**HOW TO COMPLETE THIS TASK**
Leaving out each picture, transcribe the lines of the listing below exactly from the first through the line that contains "Minimalistische illustratie van".

━━ PROVIDED INFORMATION

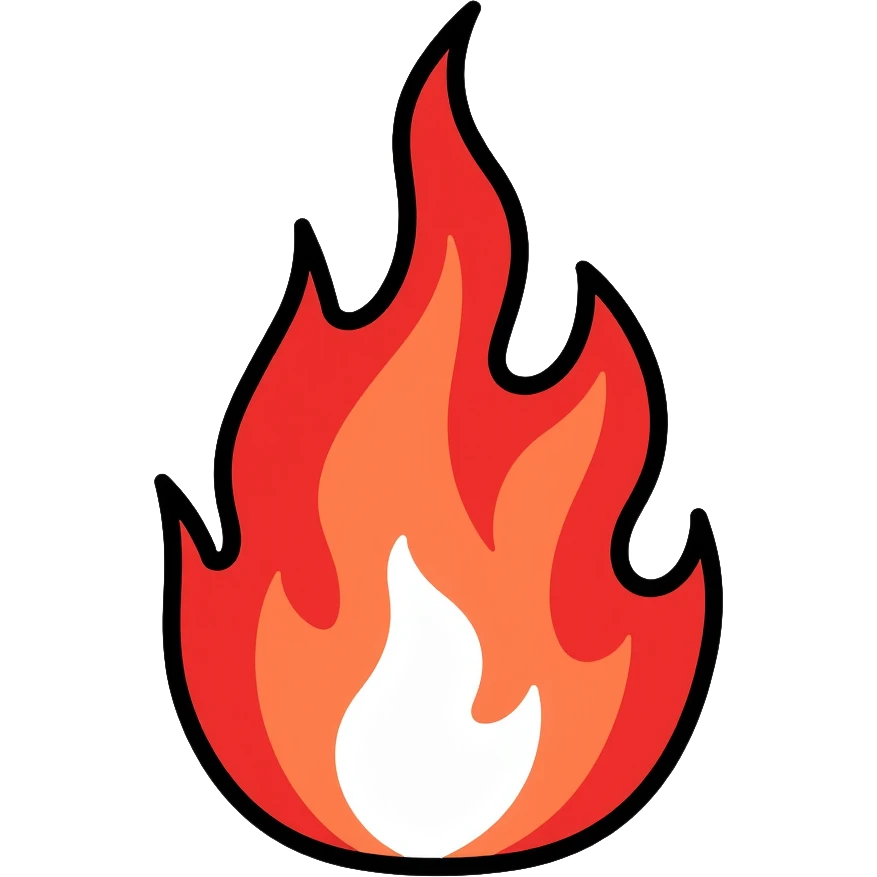 bright red flames, fire with intense red color emoji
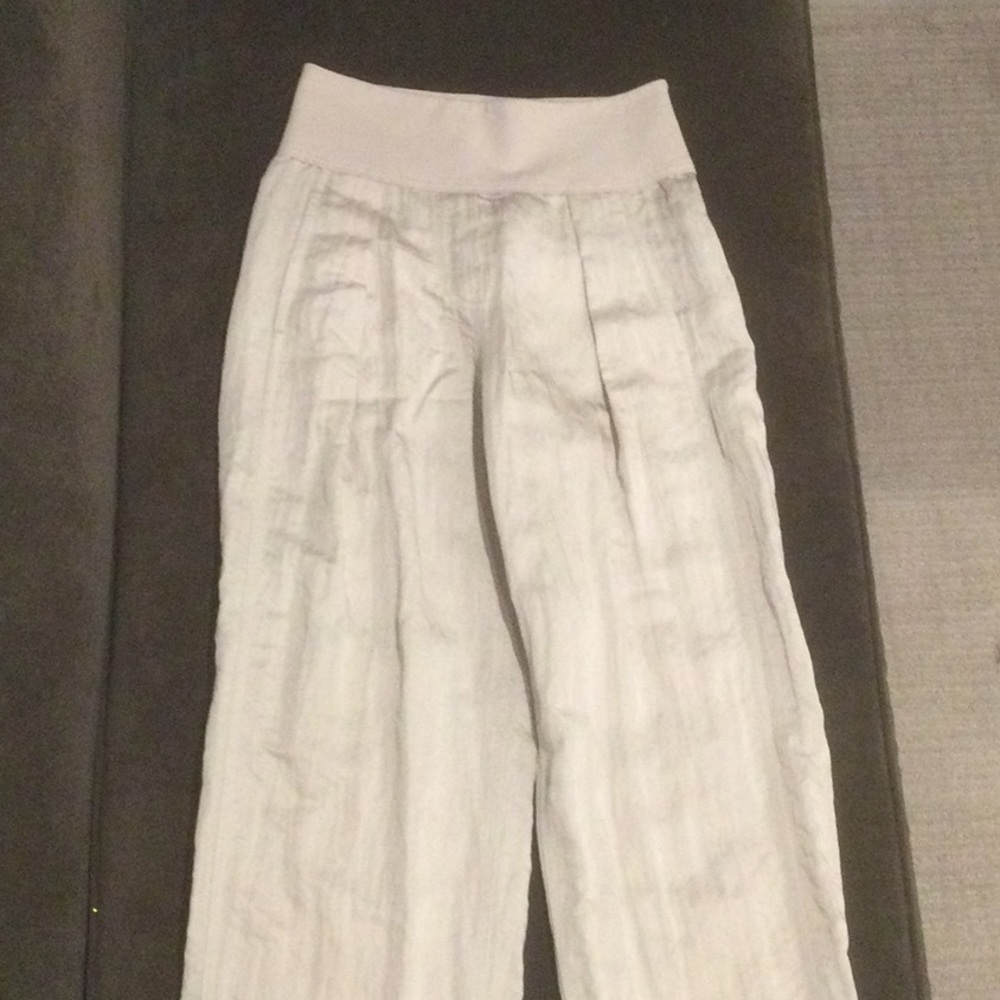 Donna Karan wide leg shimmery grey high waist pants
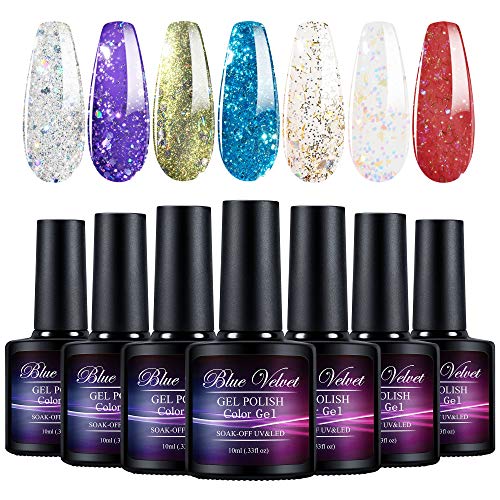 7PCS Glitter Gel Polish Set Blue Velvet Sparkle Glitters Colors Nail Polish Gel Kit Nail Art Design Manicure Gift Set Soak Off LED Gel Nail Lamp Cured for Nails Art Beauty Salon/ at Home 10ml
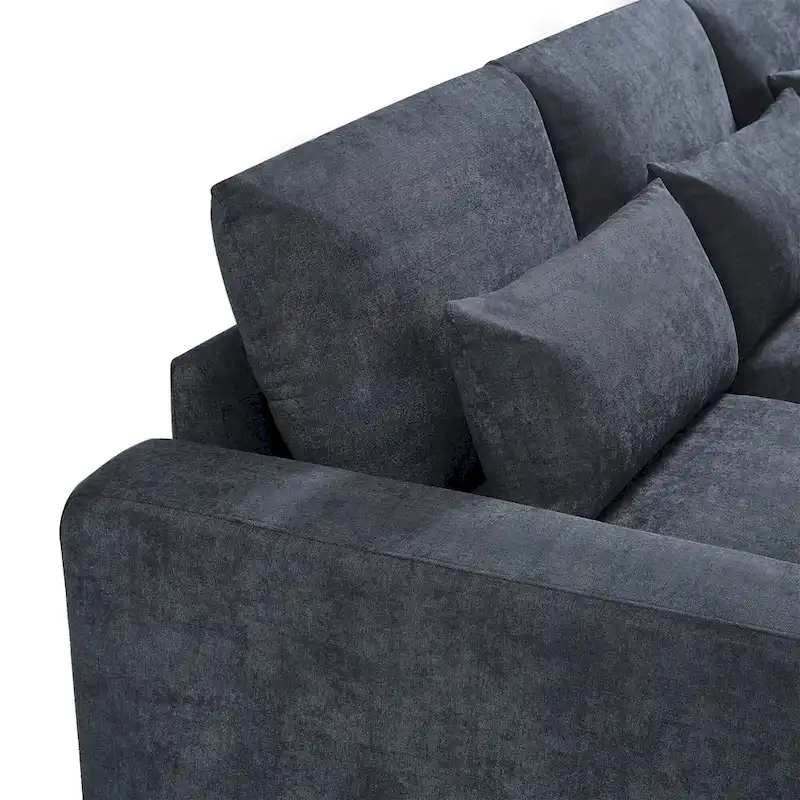 L-Shape Sectional Sofa with Reversible Chaise and Feather-Filled Cushions
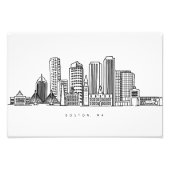 Minimalistische illustratie van de skyline van Bos Foto Afdruk (Voorkant)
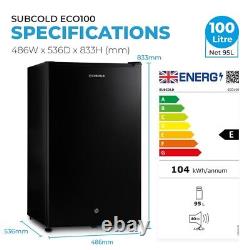 Subcold Under Counter Fridge 100L Freestanding with Ice Box Freezer ECO100 Black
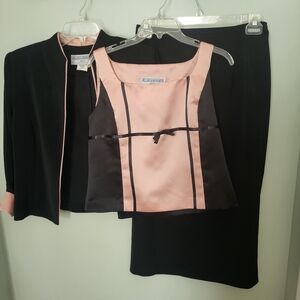Jessica Howard 12P 12 Petite Vintage Y2K 3 Pc Long Skirt Suit Pink‎ Black Dressy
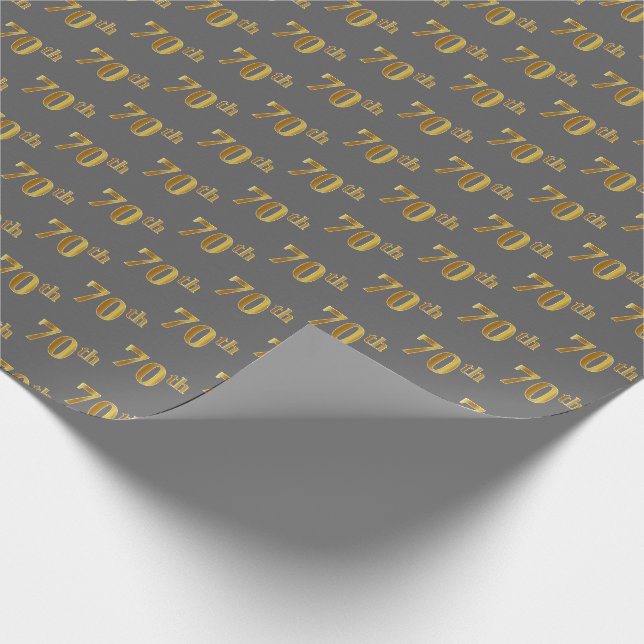 Gray, Faux Gold 70th (Seventieth) Event Wrapping Paper (Corner)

━━━━

**ANSWER TO THIS PROBLEM**
 bright red flames, fire with intense red color emoji
 Donna Karan wide leg shimmery grey high waist pants
 7PCS Glitter Gel Polish Set Blue Velvet Sparkle Glitters Colors Nail Polish Gel Kit Nail Art Design Manicure Gift Set Soak Off LED Gel Nail Lamp Cured for Nails Art Beauty Salon/ at Home 10ml
 L-Shape Sectional Sofa with Reversible Chaise and Feather-Filled Cushions
 Minimalistische illustratie van de skyline van Bos Foto Afdruk (Voorkant)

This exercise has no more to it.